A delightful seafood dish featuring salmon fillets in a rich coconut curry sauce with garlic butter, perfect for weeknight dinners or festive occasions.


Ingredients

  • 4 salmon fillets (skin-on or skinless)
  • 1 teaspoon salt
  • ½ teaspoon black pepper
  • ½ teaspoon paprika
  • 1 tablespoon olive oil
  • 2 tablespoons butter
  • 4 cloves garlic, minced
  • 1 teaspoon fresh ginger, grated
  • 1 teaspoon curry powder
  • ½ teaspoon turmeric
  • ½ teaspoon red pepper flakes (optional, for heat)
  • 1 can (13.5 oz) coconut milk
  • 1 tablespoon tomato paste
  • 1 teaspoon honey or maple syrup
  • 1 tablespoon soy sauce
  • Juice of ½ a lime
  • ¼ cup fresh cilantro or basil, chopped (for garnish)


Instructions

  1. Season the salmon: Rub the salmon fillets with salt, black pepper, and paprika.

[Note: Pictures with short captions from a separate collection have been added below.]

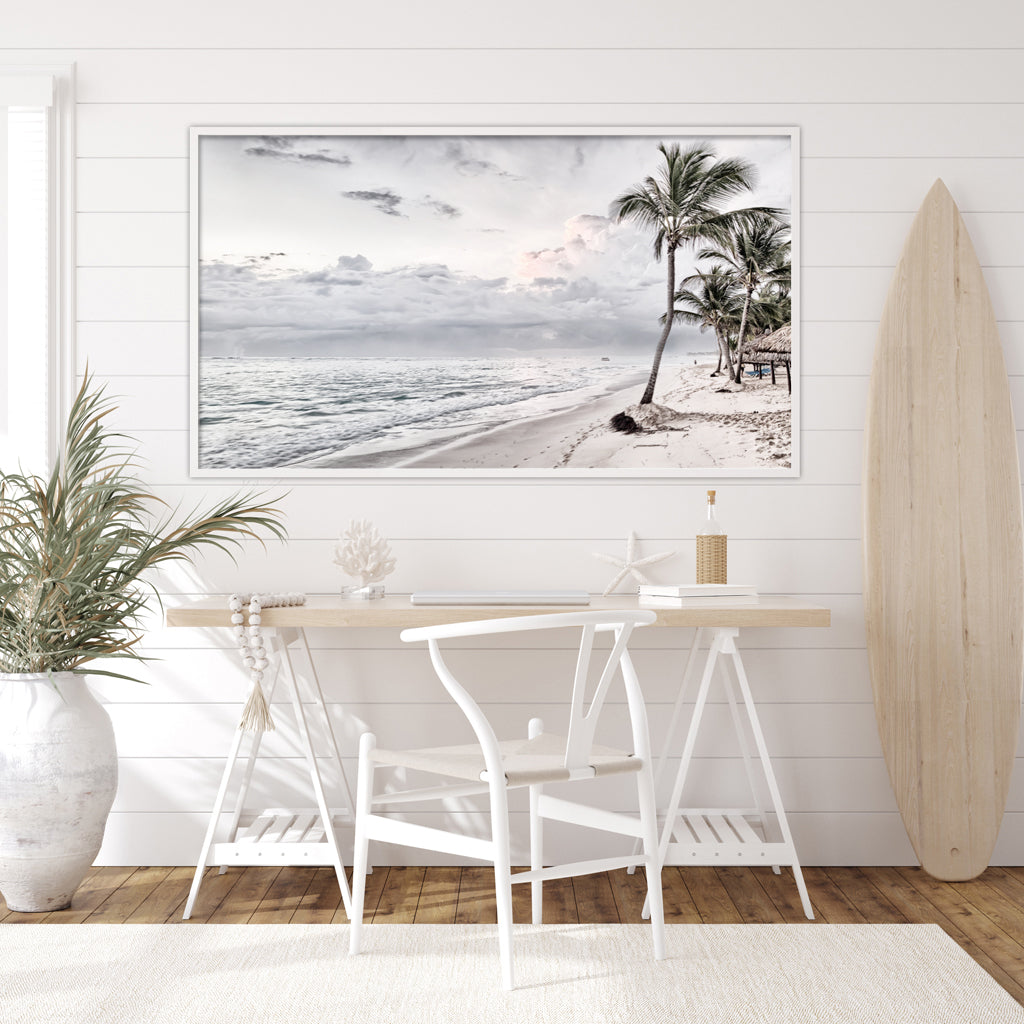 Landscape art prints -WATEGOS BEACH AND COCONUT TREES PHOTO ART PRINTS (white series)- Poster Prints -Canvas Prints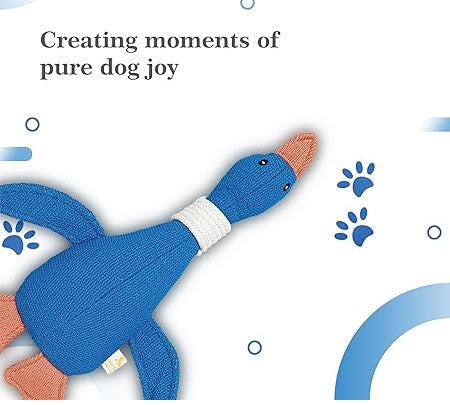 The Furr Company Knitted Duck Dog plush Toy with squeaker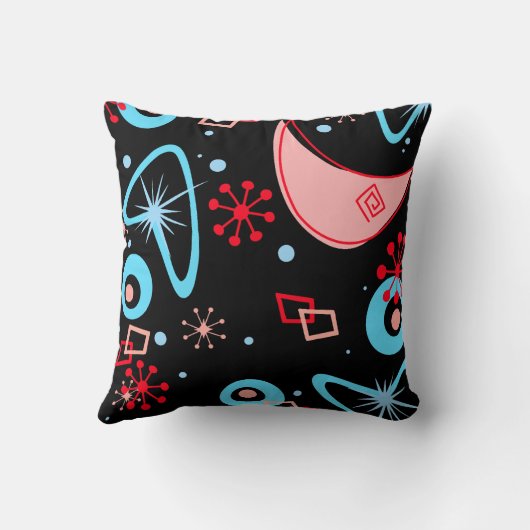 Mid Century Atomic Starburst Retro Blue Red クッション (裏面)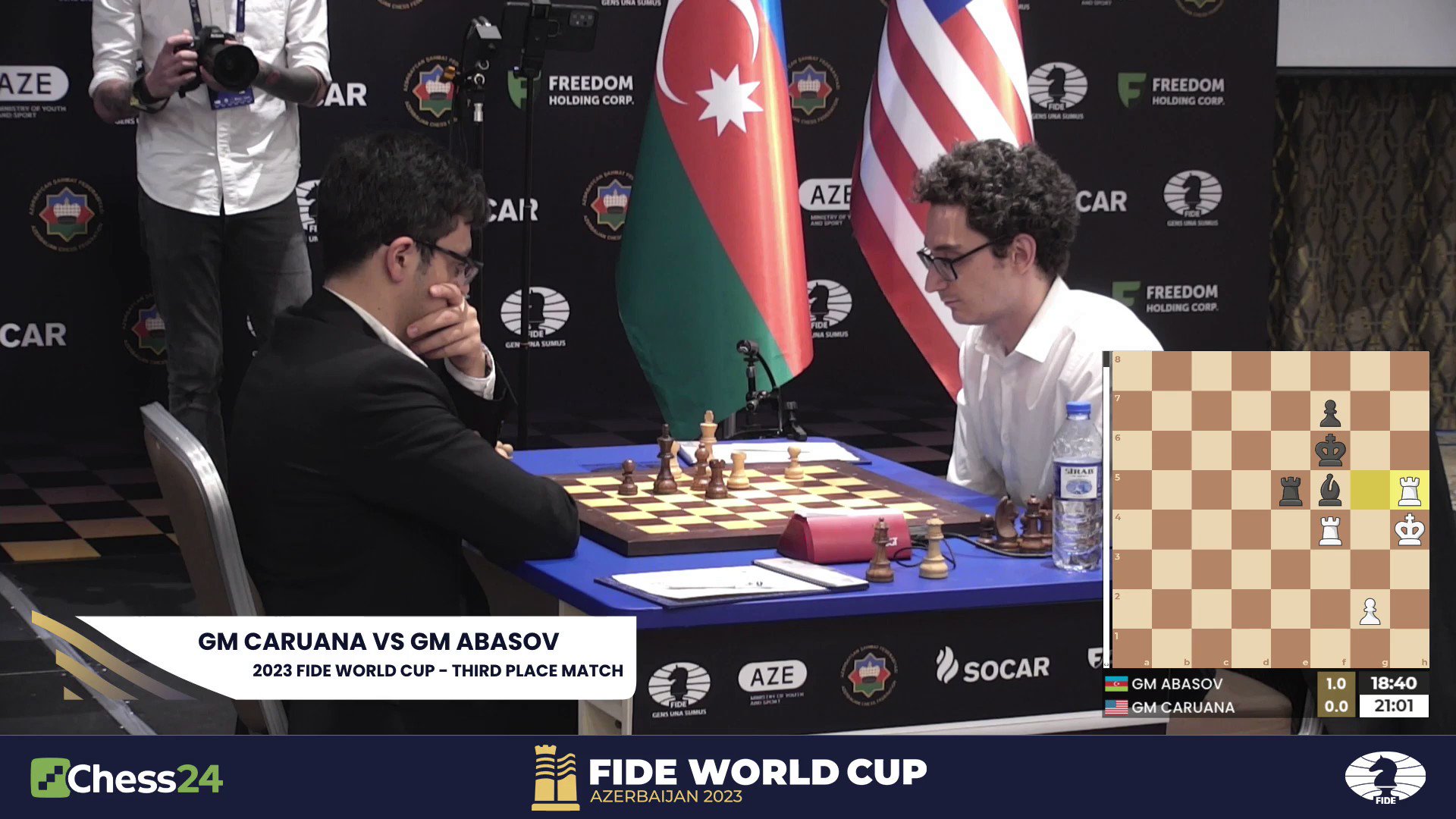 chess24.com on X: Caruana wins on demand and we will have two tiebreak  matches tomorrow! #FIDEWorldCup  / X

Pat them dry for a crisp exterior.
  2. Sear the salmon: Heat olive oil in a large skillet over medium-high heat. Add salmon fillets, skin-side down, and sear for 5-6 minutes on each side until golden brown and cooked through.
  3. Make the sauce: Remove the salmon and set aside. In the same skillet, melt the butter, add garlic, ginger, curry powder, turmeric, and red pepper flakes. Sauté for 1-2 minutes until fragrant.
  4. Simmer the salmon: Add coconut milk, tomato paste, honey/maple syrup, soy sauce, and lime juice to the skillet. Return salmon to skillet, ensuring it’s coated. Simmer for an additional 5 minutes.
  5. Garnish & serve: Remove from heat, top with chopped cilantro or basil. Serve hot with rice or vegetables.

Notes

For a spicier curry, adjust the red pepper flakes. Use full-fat coconut milk for creaminess or opt for lite for a lighter version. Feel free to add vegetables like bell peppers or spinach to the sauce.